Evaluate in multi-turn settings. If your agent runs multi-turn workflows, your evaluation suite should test multi-turn workflows. Single-turn accuracy is not a reliable proxy for production performance.
Build recovery mechanisms. Since models do not self-correct when they go off track, agents need external checkpointing, validation gates, and self-learning feedback loops rather than relying on the model to catch its own mistakes.
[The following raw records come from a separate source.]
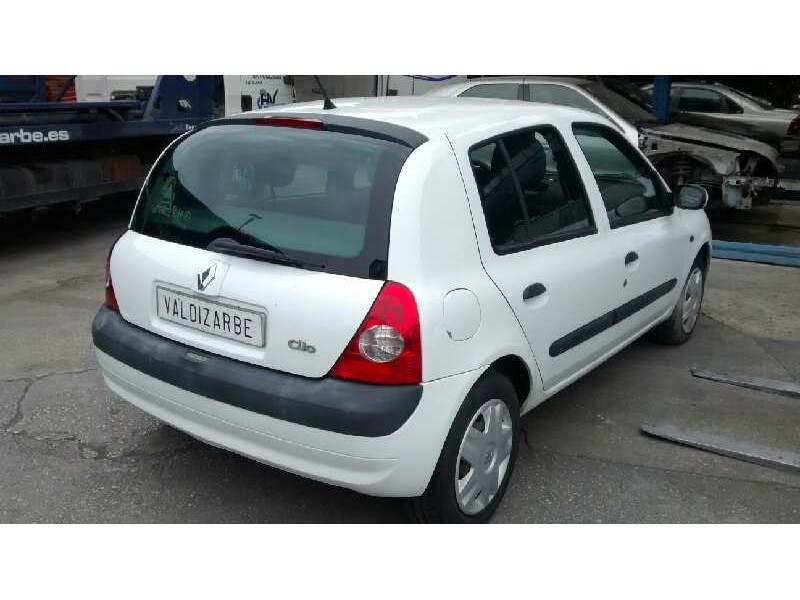 renault clio ii fase ii (b/cb0) del año 2002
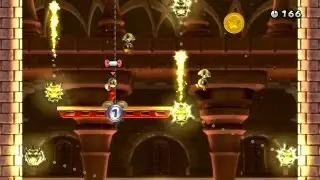 New Super Mario Bros. U -- Express Elevator (Gold Medal)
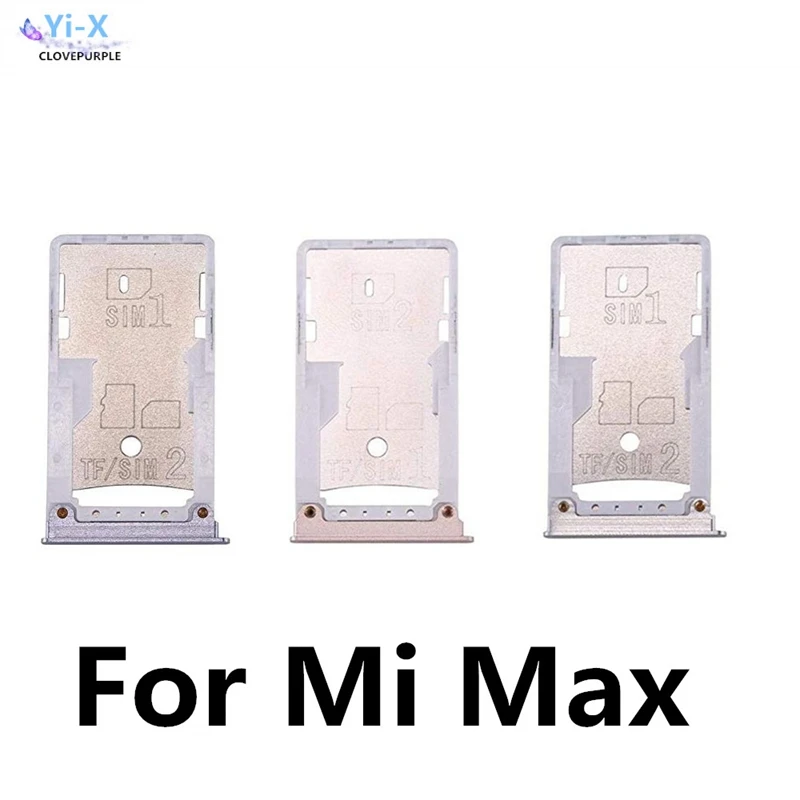 

10X sim-карты SD ридер держатель SIM адаптер лотка для Xiaomi Mi Max
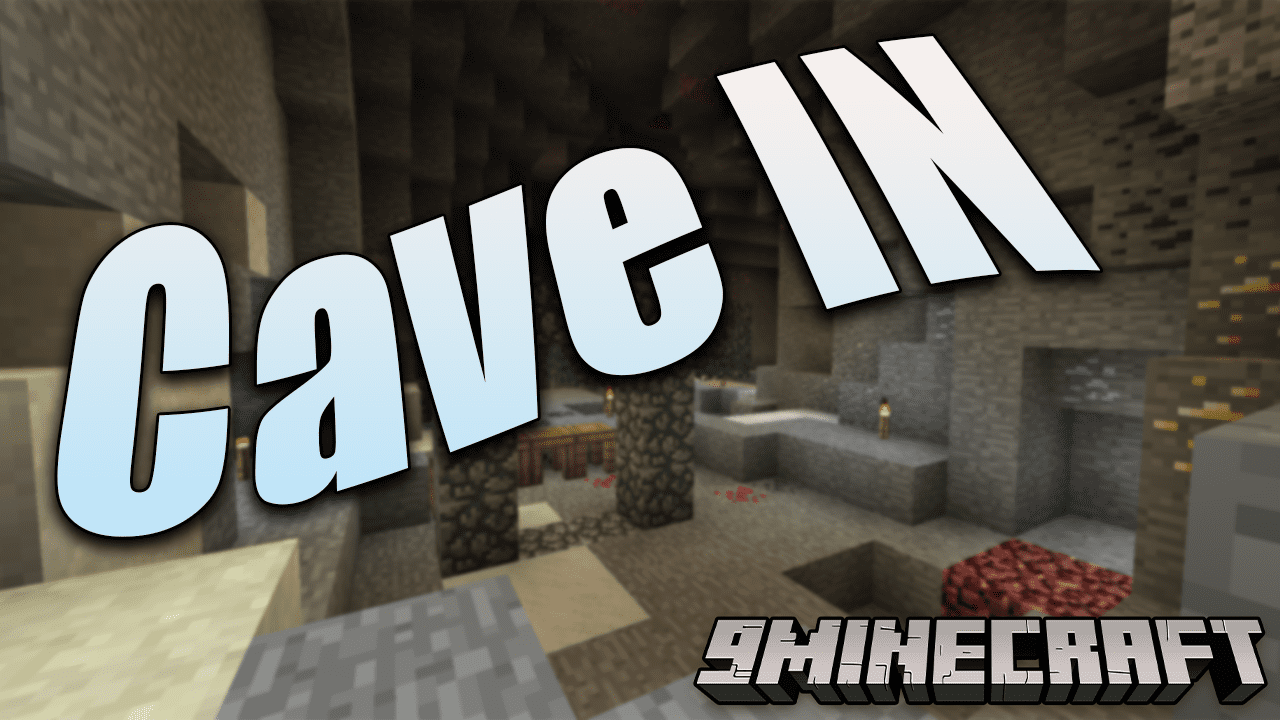 Cave IN Modpack (1.12.2) - Survival In The Cave 1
The gap between training and deployment
The ICLR committee selected this paper because it addresses what they called a "dissonant gap" between how LLMs are trained and how they are deployed. Training data is predominantly single-turn. Production usage is predominantly multi-turn. The gap between those two settings is a 39% accuracy drop and a 112% reliability collapse.
For enterprise teams evaluating AI agents, the implication is straightforward: benchmark performance tells you what a model can do under ideal conditions. Multi-turn evaluation tells you what it will actually do in yours.